■ **What you need to do**
When you retype the data, keep every word exactly and include none of the pictures.

■ **Dataset section**
**********
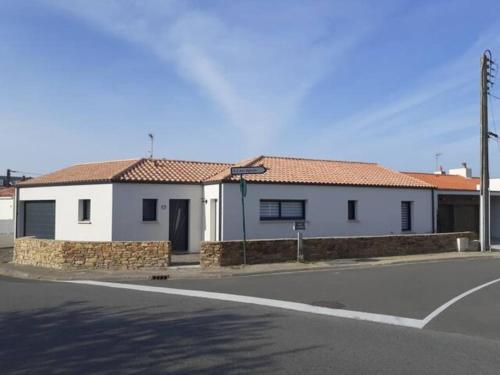 Photo de la galerie de l'établissement Maison à la chaume proche plage sauvage 3chambres, à Les Sables-dʼOlonne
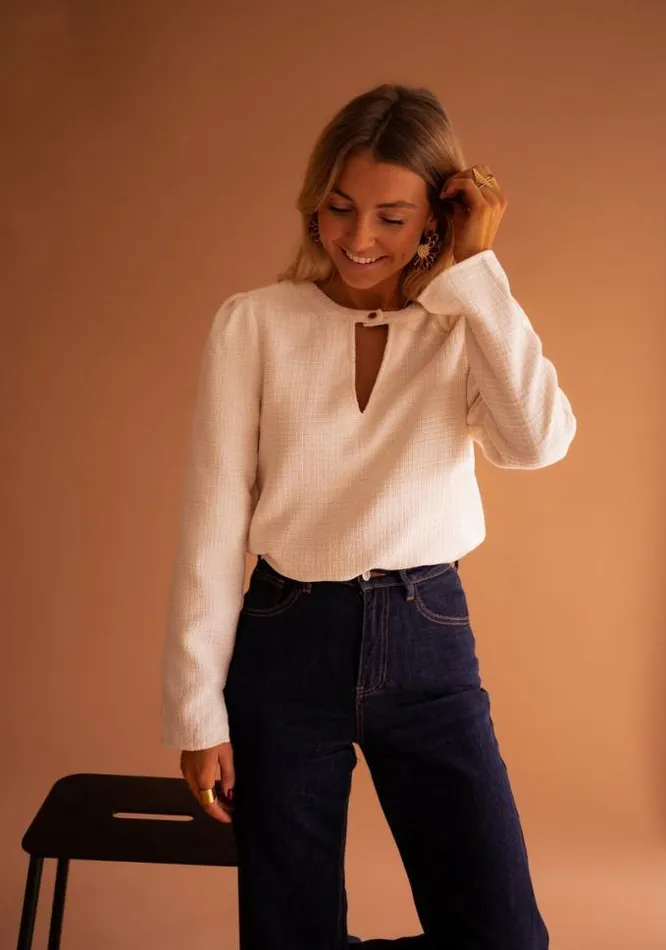 Easy Clothes Golden Nalie Earrings Jewelry and Accessories Earrings Easy Clothes Golden Nalie Earrings Jewelry and Accessories Earrings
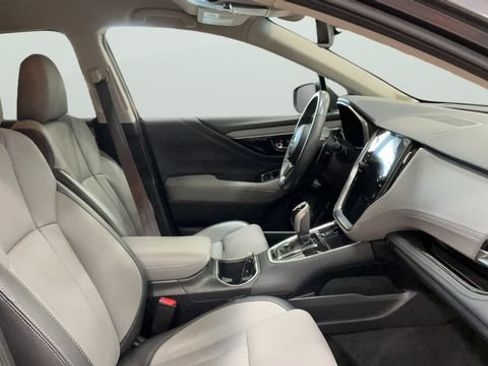 Used 2021 Subaru Outback Limited AWD/4WD image 12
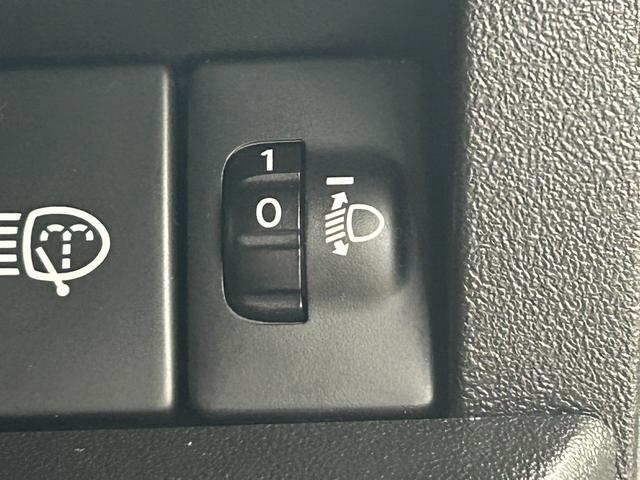 ジムニーノマド ＦＣ　９インチナビ　バックカメラ　スズキセーフティーサポート　シートヒーター　前後ドライブレコーダー　ＥＴＣ　ＬＥＤヘッドライト　フォグライト　ヘッドライトウォッシャー　ヒーテッドドアミラー　フロアマット（48枚目）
**********
■ **Solved exercise**
 Photo de la galerie de l'établissement Maison à la chaume proche plage sauvage 3chambres, à Les Sables-dʼOlonne
 Easy Clothes Golden Nalie Earrings Jewelry and Accessories Earrings Easy Clothes Golden Nalie Earrings Jewelry and Accessories Earrings
 Used 2021 Subaru Outback Limited AWD/4WD image 12
 ジムニーノマド ＦＣ　９インチナビ　バックカメラ　スズキセーフティーサポート　シートヒーター　前後ドライブレコーダー　ＥＴＣ　ＬＥＤヘッドライト　フォグライト　ヘッドライトウォッシャー　ヒーテッドドアミラー　フロアマット（48枚目）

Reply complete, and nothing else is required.